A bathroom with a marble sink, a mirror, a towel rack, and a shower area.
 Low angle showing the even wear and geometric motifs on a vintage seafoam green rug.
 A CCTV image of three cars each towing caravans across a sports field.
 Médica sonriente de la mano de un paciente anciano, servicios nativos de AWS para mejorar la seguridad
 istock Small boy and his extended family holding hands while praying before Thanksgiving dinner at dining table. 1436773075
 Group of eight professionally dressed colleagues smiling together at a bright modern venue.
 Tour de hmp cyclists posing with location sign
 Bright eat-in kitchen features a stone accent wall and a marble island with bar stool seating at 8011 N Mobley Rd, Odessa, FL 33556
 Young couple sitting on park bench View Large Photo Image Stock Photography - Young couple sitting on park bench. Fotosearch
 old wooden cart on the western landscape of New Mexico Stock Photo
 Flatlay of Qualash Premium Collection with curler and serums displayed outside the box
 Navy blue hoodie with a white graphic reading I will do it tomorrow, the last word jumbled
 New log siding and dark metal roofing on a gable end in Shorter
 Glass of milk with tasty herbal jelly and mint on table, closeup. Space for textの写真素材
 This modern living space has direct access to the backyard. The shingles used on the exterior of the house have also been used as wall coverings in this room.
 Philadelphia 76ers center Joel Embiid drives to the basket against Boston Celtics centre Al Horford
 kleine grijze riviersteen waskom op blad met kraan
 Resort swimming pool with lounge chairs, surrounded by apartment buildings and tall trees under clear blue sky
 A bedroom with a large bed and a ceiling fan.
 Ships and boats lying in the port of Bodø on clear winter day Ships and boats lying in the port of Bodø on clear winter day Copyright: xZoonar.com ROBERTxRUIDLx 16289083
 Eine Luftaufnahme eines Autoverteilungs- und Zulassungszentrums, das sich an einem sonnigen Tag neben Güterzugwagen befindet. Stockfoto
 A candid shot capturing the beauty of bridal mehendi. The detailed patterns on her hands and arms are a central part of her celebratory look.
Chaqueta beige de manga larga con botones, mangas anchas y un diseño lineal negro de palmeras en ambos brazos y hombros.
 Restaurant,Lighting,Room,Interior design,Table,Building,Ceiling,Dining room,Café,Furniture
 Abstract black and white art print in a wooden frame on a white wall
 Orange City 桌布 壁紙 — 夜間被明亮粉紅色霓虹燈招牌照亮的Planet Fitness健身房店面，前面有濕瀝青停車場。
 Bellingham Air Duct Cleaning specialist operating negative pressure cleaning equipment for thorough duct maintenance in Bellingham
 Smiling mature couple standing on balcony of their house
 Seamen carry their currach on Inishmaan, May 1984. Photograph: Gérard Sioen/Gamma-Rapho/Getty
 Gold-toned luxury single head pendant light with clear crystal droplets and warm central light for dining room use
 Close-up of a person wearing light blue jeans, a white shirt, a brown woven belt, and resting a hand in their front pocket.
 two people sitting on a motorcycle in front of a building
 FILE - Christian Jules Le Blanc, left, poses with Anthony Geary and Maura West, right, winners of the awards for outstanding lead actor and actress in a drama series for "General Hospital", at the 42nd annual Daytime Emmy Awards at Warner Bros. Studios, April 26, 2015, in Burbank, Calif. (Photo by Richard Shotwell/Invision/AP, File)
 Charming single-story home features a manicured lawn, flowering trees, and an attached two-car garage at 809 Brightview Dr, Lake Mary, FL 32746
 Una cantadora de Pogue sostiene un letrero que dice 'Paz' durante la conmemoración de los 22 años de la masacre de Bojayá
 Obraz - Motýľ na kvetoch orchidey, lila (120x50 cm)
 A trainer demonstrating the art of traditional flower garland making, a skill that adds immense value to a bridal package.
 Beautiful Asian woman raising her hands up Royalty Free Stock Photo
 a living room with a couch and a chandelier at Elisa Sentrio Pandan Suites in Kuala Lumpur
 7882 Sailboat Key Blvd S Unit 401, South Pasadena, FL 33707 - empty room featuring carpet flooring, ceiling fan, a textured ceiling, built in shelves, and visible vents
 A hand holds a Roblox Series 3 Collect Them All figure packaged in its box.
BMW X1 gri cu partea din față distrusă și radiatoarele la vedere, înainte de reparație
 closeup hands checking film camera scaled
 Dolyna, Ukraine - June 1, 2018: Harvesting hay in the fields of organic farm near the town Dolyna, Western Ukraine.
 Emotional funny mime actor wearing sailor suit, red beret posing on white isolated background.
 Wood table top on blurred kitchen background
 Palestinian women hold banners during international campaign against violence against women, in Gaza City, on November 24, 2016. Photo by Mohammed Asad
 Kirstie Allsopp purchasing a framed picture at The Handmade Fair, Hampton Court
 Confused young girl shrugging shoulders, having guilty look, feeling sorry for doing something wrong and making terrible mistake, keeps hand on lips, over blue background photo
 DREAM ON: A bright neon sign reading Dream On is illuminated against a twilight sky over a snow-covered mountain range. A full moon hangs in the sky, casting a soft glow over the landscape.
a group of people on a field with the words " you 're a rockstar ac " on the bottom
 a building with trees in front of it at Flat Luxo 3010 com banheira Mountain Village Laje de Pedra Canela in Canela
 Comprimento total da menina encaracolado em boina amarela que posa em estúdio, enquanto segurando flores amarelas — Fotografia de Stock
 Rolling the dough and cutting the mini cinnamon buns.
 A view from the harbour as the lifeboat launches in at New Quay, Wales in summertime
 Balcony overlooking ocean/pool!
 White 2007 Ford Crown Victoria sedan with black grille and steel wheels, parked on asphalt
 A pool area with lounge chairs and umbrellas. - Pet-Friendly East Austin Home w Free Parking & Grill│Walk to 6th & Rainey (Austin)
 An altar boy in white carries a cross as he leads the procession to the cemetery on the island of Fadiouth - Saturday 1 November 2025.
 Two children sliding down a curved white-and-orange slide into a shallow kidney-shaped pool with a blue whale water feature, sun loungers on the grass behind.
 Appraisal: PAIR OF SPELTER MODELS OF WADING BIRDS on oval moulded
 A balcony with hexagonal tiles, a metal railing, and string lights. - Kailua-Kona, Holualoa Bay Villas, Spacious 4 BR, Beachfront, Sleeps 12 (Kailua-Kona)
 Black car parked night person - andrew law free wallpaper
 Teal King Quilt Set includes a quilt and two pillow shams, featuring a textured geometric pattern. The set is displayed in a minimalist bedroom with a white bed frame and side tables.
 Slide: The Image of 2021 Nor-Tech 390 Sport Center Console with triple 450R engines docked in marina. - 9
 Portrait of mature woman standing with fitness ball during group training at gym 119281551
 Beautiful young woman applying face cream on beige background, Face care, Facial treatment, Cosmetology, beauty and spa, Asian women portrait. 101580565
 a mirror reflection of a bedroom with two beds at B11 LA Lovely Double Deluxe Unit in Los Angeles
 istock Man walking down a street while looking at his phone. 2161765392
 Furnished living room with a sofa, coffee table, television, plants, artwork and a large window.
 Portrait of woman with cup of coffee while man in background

* * * * * * *

Task details> Transcribe the whole listing above exactly, leaving nothing out.

Reply>
A bathroom with a marble sink, a mirror, a towel rack, and a shower area.
 Low angle showing the even wear and geometric motifs on a vintage seafoam green rug.
 A CCTV image of three cars each towing caravans across a sports field.
 Médica sonriente de la mano de un paciente anciano, servicios nativos de AWS para mejorar la seguridad
 istock Small boy and his extended family holding hands while praying before Thanksgiving dinner at dining table. 1436773075
 Group of eight professionally dressed colleagues smiling together at a bright modern venue.
 Tour de hmp cyclists posing with location sign
 Bright eat-in kitchen features a stone accent wall and a marble island with bar stool seating at 8011 N Mobley Rd, Odessa, FL 33556
 Young couple sitting on park bench View Large Photo Image Stock Photography - Young couple sitting on park bench. Fotosearch
 old wooden cart on the western landscape of New Mexico Stock Photo
 Flatlay of Qualash Premium Collection with curler and serums displayed outside the box
 Navy blue hoodie with a white graphic reading I will do it tomorrow, the last word jumbled
 New log siding and dark metal roofing on a gable end in Shorter
 Glass of milk with tasty herbal jelly and mint on table, closeup. Space for textの写真素材
 This modern living space has direct access to the backyard. The shingles used on the exterior of the house have also been used as wall coverings in this room.
 Philadelphia 76ers center Joel Embiid drives to the basket against Boston Celtics centre Al Horford
 kleine grijze riviersteen waskom op blad met kraan
 Resort swimming pool with lounge chairs, surrounded by apartment buildings and tall trees under clear blue sky
 A bedroom with a large bed and a ceiling fan.
 Ships and boats lying in the port of Bodø on clear winter day Ships and boats lying in the port of Bodø on clear winter day Copyright: xZoonar.com ROBERTxRUIDLx 16289083
 Eine Luftaufnahme eines Autoverteilungs- und Zulassungszentrums, das sich an einem sonnigen Tag neben Güterzugwagen befindet. Stockfoto
 A candid shot capturing the beauty of bridal mehendi. The detailed patterns on her hands and arms are a central part of her celebratory look.
Chaqueta beige de manga larga con botones, mangas anchas y un diseño lineal negro de palmeras en ambos brazos y hombros.
 Restaurant,Lighting,Room,Interior design,Table,Building,Ceiling,Dining room,Café,Furniture
 Abstract black and white art print in a wooden frame on a white wall
 Orange City 桌布 壁紙 — 夜間被明亮粉紅色霓虹燈招牌照亮的Planet Fitness健身房店面，前面有濕瀝青停車場。
 Bellingham Air Duct Cleaning specialist operating negative pressure cleaning equipment for thorough duct maintenance in Bellingham
 Smiling mature couple standing on balcony of their house
 Seamen carry their currach on Inishmaan, May 1984. Photograph: Gérard Sioen/Gamma-Rapho/Getty
 Gold-toned luxury single head pendant light with clear crystal droplets and warm central light for dining room use
 Close-up of a person wearing light blue jeans, a white shirt, a brown woven belt, and resting a hand in their front pocket.
 two people sitting on a motorcycle in front of a building
 FILE - Christian Jules Le Blanc, left, poses with Anthony Geary and Maura West, right, winners of the awards for outstanding lead actor and actress in a drama series for "General Hospital", at the 42nd annual Daytime Emmy Awards at Warner Bros. Studios, April 26, 2015, in Burbank, Calif. (Photo by Richard Shotwell/Invision/AP, File)
 Charming single-story home features a manicured lawn, flowering trees, and an attached two-car garage at 809 Brightview Dr, Lake Mary, FL 32746
 Una cantadora de Pogue sostiene un letrero que dice 'Paz' durante la conmemoración de los 22 años de la masacre de Bojayá
 Obraz - Motýľ na kvetoch orchidey, lila (120x50 cm)
 A trainer demonstrating the art of traditional flower garland making, a skill that adds immense value to a bridal package.
 Beautiful Asian woman raising her hands up Royalty Free Stock Photo
 a living room with a couch and a chandelier at Elisa Sentrio Pandan Suites in Kuala Lumpur
 7882 Sailboat Key Blvd S Unit 401, South Pasadena, FL 33707 - empty room featuring carpet flooring, ceiling fan, a textured ceiling, built in shelves, and visible vents
 A hand holds a Roblox Series 3 Collect Them All figure packaged in its box.
BMW X1 gri cu partea din față distrusă și radiatoarele la vedere, înainte de reparație
 closeup hands checking film camera scaled
 Dolyna, Ukraine - June 1, 2018: Harvesting hay in the fields of organic farm near the town Dolyna, Western Ukraine.
 Emotional funny mime actor wearing sailor suit, red beret posing on white isolated background.
 Wood table top on blurred kitchen background
 Palestinian women hold banners during international campaign against violence against women, in Gaza City, on November 24, 2016. Photo by Mohammed Asad
 Kirstie Allsopp purchasing a framed picture at The Handmade Fair, Hampton Court
 Confused young girl shrugging shoulders, having guilty look, feeling sorry for doing something wrong and making terrible mistake, keeps hand on lips, over blue background photo
 DREAM ON: A bright neon sign reading Dream On is illuminated against a twilight sky over a snow-covered mountain range. A full moon hangs in the sky, casting a soft glow over the landscape.
a group of people on a field with the words " you 're a rockstar ac " on the bottom
 a building with trees in front of it at Flat Luxo 3010 com banheira Mountain Village Laje de Pedra Canela in Canela
 Comprimento total da menina encaracolado em boina amarela que posa em estúdio, enquanto segurando flores amarelas — Fotografia de Stock
 Rolling the dough and cutting the mini cinnamon buns.
 A view from the harbour as the lifeboat launches in at New Quay, Wales in summertime
 Balcony overlooking ocean/pool!
 White 2007 Ford Crown Victoria sedan with black grille and steel wheels, parked on asphalt
 A pool area with lounge chairs and umbrellas. - Pet-Friendly East Austin Home w Free Parking & Grill│Walk to 6th & Rainey (Austin)
 An altar boy in white carries a cross as he leads the procession to the cemetery on the island of Fadiouth - Saturday 1 November 2025.
 Two children sliding down a curved white-and-orange slide into a shallow kidney-shaped pool with a blue whale water feature, sun loungers on the grass behind.
 Appraisal: PAIR OF SPELTER MODELS OF WADING BIRDS on oval moulded
 A balcony with hexagonal tiles, a metal railing, and string lights. - Kailua-Kona, Holualoa Bay Villas, Spacious 4 BR, Beachfront, Sleeps 12 (Kailua-Kona)
 Black car parked night person - andrew law free wallpaper
 Teal King Quilt Set includes a quilt and two pillow shams, featuring a textured geometric pattern. The set is displayed in a minimalist bedroom with a white bed frame and side tables.
 Slide: The Image of 2021 Nor-Tech 390 Sport Center Console with triple 450R engines docked in marina. - 9
 Portrait of mature woman standing with fitness ball during group training at gym 119281551
 Beautiful young woman applying face cream on beige background, Face care, Facial treatment, Cosmetology, beauty and spa, Asian women portrait. 101580565
 a mirror reflection of a bedroom with two beds at B11 LA Lovely Double Deluxe Unit in Los Angeles
 istock Man walking down a street while looking at his phone. 2161765392
 Furnished living room with a sofa, coffee table, television, plants, artwork and a large window.
 Portrait of woman with cup of coffee while man in background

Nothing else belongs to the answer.